For that vast majority of Irish Times readers who don't listen to the Ian Dempsey Breakfast Show (Today FM, Monday to Friday), this Gift 2 CD is another package of highlights and adaptations from the programme's comedy sketches. These can be good on their day, and the Gift mastermind and master voice, Mario Rosenstock, is a sharp-eared, offbeat post-impressionist (like Van Gogh,maybe?) who must have been raging when Jaap Stam left Man U for Lazio. The Gift's Jaap was the nearest thing to a regular laugh-grabber; his old team-mate Roy Keane is piss-taken on this CD with, among other things, "Radio Roy", a sketch that is, well, more boring than Liverpool.

Same goes for Gift's Bertie, Ronan, Liam and the rest. Just this one Christmas, this column won't moan about the dearth of decent satire on the radio since you-know-what all those years ago (damn, dunnit, sorry), but Gift 2 ain't satirical and ain't all that funny either. Which is a bit sad, because the Gift sketches are sometimes fairly elaborate and not nearly as throwaway as Navan Man. Maybe Scottish Radio Holdings could give Mario a better writer for Christmas? As for you, dear reader, quick, think of another gift.
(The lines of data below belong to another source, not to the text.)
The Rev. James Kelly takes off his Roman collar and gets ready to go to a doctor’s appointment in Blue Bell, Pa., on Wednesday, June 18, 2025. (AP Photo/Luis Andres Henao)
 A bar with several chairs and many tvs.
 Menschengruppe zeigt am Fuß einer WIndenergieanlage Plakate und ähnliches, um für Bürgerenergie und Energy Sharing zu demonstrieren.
Please don't get me wrong: I'm no party animal and I'm Scrooge-y about radio-station CDs, but I do kind of like Christmas. One of the season's sweeter qualities (though one that can get chokingly saccharine) is the way loads of listeners and readers are alert to the slightest media slight against Santa ("my children were listening to that item that appeared to sneer at the notion of flying reindeer . . ."), so it was particularly funny in this week of unremitting family radio to hear David Rice's explicit though confused monologue on Monday's Five Seven Live (RT╔ Radio 1, Monday to Friday).

Rice's subject was road carnage, and his solution was a new kind of advertising campaign, based not on fear or horror but on shame - sexual shame, to be more specific. You've probably thought of it yourself: every time some little prick screams past at 80 miles an hour near a bend in the road, don't you draw conclusions about his diminutive genitalia?

Rice's idea was to turn that raw theme into sophisticated adverts, with, for example, girls sniggering at a speeding young fella. Rice got into a spot of bother, however, when he tried coming up with slogans: "Fast on the road, slow in bed" was one; worse yet was "Fast driver, slow rider".

Now, this being a family column, I won't go into detail about the potential objections to such a campaign, and God-and-Santa-and-Gerry-Ryan know there's no accounting for the considerable personal variation there is on such intimate questions. But, frankly, I would have thought "fast driver, slow rider" is a claim that Eddie Irvine would gladly have diamond-studded on the back of his black leather jacket. No, Mr Rice, there's no shame in that.